No Strings (Attached): the comic confessions of a romance-aholic
by Drew Rowsome- photos by Jeremy Mimnagh
No Strings (Attached) proves that there is a little romance-aholic in all of us. Though the audience is attending a "Romance-aholic Anonymous" meeting and letting latecomer "Jimmy" testify, there are moments when we can't help but be swept away by romance. We have listened to Jimmy's sad (but very funny) tale, and, as embodied by the irresistible Sunny Drake (X) we are skeptical of his motives and emotional stability, but in thrall to his charm and vulnerability. The lush orchestral score by Njo Kong Kie swells and Fred and Ginger begin to dance across a screen. Then Jimmy appears above in silhouette, clutching the baseball cap of his much-discussed ex. It is a breathtakingly beautiful moment.

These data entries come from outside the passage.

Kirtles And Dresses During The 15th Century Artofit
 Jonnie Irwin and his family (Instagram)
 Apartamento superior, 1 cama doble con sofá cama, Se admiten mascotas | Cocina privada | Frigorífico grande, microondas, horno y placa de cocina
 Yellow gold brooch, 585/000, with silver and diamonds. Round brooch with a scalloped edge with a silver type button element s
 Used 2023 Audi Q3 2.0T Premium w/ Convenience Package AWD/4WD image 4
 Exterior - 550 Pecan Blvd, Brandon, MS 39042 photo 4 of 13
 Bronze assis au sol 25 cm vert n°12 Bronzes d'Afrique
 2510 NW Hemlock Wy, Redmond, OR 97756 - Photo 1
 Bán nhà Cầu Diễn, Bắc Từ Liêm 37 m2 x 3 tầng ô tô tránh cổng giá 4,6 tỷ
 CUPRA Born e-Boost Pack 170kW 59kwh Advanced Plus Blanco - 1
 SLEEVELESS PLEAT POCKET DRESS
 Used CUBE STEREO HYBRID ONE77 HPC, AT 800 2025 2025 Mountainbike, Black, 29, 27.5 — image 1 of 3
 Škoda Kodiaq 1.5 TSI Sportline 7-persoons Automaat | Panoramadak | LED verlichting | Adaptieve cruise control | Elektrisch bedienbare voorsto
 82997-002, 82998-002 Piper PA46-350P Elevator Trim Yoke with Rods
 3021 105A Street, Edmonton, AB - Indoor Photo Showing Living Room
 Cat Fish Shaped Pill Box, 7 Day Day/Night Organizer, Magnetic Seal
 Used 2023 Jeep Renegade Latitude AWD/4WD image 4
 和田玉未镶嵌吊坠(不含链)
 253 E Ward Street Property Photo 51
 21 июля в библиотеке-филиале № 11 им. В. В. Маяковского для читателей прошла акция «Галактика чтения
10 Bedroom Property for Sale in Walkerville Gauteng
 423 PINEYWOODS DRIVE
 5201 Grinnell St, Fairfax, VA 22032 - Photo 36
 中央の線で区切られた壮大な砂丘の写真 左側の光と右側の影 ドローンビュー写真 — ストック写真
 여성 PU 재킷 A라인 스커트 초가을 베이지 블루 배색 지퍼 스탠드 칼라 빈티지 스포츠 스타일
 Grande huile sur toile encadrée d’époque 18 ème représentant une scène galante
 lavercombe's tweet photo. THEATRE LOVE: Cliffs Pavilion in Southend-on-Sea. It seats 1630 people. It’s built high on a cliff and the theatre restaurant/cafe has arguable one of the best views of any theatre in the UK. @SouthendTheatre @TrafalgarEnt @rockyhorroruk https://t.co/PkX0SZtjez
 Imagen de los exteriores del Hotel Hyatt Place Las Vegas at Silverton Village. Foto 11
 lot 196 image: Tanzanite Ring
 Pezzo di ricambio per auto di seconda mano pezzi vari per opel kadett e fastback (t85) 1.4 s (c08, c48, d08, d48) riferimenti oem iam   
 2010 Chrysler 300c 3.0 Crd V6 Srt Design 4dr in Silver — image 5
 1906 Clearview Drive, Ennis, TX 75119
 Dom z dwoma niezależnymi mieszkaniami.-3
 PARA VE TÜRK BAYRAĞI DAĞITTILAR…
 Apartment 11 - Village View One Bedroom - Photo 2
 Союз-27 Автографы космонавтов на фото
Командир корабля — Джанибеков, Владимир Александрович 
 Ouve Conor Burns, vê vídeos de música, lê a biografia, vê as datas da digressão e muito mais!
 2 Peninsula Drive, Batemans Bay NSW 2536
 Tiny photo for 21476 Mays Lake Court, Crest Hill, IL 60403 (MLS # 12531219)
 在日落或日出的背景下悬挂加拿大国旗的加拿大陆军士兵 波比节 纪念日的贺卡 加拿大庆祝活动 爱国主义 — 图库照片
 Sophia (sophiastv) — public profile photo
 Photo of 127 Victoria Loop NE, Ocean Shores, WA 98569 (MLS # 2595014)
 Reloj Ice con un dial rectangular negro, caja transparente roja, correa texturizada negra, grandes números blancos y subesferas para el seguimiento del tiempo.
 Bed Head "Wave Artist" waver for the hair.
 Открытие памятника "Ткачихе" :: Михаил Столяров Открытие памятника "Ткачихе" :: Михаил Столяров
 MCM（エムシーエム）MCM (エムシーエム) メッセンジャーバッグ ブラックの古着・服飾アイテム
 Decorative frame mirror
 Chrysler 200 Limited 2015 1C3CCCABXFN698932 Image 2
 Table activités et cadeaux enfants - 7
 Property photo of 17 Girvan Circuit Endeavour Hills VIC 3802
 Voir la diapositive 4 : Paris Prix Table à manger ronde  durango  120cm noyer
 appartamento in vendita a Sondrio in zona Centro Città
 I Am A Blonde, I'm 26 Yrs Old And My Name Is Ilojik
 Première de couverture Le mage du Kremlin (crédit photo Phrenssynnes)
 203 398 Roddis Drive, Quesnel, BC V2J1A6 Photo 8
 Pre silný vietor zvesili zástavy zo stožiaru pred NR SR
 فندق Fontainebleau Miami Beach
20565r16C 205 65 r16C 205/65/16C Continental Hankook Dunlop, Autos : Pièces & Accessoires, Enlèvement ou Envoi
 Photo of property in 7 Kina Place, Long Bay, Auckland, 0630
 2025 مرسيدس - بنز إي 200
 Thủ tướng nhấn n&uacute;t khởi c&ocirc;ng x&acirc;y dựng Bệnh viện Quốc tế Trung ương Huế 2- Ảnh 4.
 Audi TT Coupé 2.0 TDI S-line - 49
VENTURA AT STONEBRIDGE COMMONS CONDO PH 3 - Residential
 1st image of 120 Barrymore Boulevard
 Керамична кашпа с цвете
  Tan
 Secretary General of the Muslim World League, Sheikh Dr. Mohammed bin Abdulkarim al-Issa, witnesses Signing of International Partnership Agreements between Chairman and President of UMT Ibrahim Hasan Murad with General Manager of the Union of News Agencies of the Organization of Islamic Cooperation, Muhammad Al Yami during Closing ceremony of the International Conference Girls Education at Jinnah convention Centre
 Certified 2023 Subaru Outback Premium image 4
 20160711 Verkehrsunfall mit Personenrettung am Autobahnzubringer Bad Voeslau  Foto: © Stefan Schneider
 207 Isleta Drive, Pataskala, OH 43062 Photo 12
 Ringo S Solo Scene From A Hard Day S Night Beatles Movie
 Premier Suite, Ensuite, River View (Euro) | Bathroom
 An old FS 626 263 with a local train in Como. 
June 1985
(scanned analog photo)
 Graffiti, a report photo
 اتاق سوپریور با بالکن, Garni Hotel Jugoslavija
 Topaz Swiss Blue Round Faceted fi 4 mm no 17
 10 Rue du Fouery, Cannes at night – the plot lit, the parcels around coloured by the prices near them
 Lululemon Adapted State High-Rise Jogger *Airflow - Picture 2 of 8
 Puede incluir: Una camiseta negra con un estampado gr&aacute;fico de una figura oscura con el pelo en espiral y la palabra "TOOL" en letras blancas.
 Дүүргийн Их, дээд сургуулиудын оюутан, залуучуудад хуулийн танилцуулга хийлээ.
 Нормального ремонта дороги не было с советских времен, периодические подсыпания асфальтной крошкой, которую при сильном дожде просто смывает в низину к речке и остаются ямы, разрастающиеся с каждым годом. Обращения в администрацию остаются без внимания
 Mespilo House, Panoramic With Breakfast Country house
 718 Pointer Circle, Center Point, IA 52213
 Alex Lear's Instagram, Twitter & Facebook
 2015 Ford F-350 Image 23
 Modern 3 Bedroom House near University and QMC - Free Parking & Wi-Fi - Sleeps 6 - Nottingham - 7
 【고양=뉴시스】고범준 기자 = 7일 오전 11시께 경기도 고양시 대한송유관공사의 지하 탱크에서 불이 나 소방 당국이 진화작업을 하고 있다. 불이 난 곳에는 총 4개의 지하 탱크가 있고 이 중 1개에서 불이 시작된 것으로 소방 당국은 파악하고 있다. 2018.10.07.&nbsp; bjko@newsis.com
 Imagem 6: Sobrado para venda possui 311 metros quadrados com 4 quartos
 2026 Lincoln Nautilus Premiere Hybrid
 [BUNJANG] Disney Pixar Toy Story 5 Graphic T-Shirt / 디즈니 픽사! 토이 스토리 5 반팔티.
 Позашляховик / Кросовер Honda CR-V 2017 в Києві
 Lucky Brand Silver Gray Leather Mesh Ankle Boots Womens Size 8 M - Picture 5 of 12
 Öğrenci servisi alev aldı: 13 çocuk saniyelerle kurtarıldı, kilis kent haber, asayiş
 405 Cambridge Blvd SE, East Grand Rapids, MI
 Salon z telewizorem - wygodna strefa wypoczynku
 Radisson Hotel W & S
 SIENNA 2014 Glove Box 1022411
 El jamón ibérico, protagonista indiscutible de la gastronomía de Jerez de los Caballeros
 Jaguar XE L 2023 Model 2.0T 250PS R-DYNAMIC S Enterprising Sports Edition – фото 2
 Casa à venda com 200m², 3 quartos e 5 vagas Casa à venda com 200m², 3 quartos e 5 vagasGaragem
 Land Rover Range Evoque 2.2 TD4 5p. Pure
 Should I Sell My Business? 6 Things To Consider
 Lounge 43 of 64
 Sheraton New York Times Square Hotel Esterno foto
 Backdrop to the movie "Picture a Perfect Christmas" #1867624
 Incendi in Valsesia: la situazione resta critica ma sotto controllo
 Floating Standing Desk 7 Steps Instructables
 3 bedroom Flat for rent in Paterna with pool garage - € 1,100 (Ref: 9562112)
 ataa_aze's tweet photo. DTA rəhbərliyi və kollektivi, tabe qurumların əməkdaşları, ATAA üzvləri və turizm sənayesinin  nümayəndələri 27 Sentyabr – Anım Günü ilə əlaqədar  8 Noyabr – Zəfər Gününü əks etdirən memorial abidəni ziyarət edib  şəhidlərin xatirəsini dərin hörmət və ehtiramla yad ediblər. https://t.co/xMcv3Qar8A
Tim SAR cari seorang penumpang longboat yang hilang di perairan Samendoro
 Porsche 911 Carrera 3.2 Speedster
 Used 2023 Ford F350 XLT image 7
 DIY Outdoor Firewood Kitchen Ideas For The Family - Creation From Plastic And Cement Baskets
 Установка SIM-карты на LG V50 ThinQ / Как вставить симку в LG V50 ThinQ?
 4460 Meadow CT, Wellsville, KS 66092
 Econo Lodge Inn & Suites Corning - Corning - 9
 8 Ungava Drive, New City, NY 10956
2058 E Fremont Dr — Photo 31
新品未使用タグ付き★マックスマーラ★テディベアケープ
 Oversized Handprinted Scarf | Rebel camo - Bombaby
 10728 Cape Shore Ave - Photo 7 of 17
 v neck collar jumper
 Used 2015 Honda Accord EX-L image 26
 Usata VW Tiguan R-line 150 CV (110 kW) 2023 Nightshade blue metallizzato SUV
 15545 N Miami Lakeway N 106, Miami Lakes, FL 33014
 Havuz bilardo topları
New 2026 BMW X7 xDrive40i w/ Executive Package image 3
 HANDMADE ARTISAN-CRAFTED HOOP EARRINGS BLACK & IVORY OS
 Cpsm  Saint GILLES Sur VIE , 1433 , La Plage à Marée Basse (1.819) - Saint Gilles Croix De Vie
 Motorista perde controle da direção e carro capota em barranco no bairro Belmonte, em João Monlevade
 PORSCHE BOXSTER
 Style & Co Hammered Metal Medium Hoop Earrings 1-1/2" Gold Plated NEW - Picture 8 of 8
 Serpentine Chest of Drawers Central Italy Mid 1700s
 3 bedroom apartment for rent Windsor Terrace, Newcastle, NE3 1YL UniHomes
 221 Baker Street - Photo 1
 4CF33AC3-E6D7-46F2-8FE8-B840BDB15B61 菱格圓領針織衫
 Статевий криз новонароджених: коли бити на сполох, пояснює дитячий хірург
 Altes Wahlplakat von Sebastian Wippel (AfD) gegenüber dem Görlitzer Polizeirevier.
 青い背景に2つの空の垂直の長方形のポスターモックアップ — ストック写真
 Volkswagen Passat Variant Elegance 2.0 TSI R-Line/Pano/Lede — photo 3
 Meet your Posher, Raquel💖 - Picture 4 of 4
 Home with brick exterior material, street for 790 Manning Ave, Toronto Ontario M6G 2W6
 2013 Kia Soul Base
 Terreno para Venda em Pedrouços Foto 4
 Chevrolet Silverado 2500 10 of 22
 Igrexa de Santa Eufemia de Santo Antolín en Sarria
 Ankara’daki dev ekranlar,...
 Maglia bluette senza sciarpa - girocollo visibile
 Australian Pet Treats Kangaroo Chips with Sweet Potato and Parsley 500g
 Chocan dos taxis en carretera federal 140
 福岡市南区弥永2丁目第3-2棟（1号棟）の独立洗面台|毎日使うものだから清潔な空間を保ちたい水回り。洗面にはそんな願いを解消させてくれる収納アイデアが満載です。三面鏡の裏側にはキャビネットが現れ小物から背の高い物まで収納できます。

Earlier Drake has riffed on his sexual exploits and the difficulty of dating in the modern world. He has dropped one-liners about the difference between sex and love and spun comedy out of comparing the patriarchy to the hierarchy of the terminally liberal. There is some very fun and insightful stuff in there. But all comedy comes from pain and when Drake delves into the specifics of a trans man dating, No Strings (Attached) is at its best. A section, structured as a bit of stand-up but transforming into theatre, explicating the difference between being "fascinating" and desirable, drew gasps of recognition, regardless of where one sits on the gender or sexuality continuum.
Unfortunately the truly remarkable elements never quite coalesce into a whole. Some of the metaphors are connected and resolved, some are cheated into unsatisfactory conclusions. As much as I love puppets, the last minute unexplained appearance of one was charming but redundant, especially following a disconnected foray into childhood trauma. No Strings (Attached) veers wildly across a lot of terrain held together only by Drake's increasingly frantic efforts.
A lyrical and sharply written section has Jimmy talking to a projection of Drake, debating where Jimmy has gone wrong. Jimmy decides it comes down to his need to try to save his partners but that such heavy layering on of romance is actually a form of control. It is a powerful insight. An insight that is undercut by stamping of feet and cries of "Attention! Attention! Attention!" so that the audience wonders if we have wandered into a self-indulgence-aholics meeting.
None of those quibbles take away from the sheer beauty of No Strings (Attached) which is constantly visually fascinating (and yes I'm aware of that echo). The production team - Michelle Ramsay, Joe Pagnan and Jade Lee Hoy - create wonder after wonder, all of it timed with split-second precision. And Drake is a joy to watch as he bounds across the stage, mimes every conceivable form of sexual expression, and projects such conspiratorial enthusiasm that No Strings (Attached) rockets along with seductive finesse. He moves from clown to dancer to mime to comedian to tragic grace, never letting the audience out of his grip.
There is a joke that left us all wishing we could transcend our romance-aholic state and achieve what Jimmy pretends to have achieved:
My boyfriend telling me the sexy details of getting it on with another dude. Big time boner.
No Strings (Attached) arouses intermittent boners, a fairly consistent chubby, frequent wetness, but only teases a climax. But that is more than enough for an evening that promises no strings attached.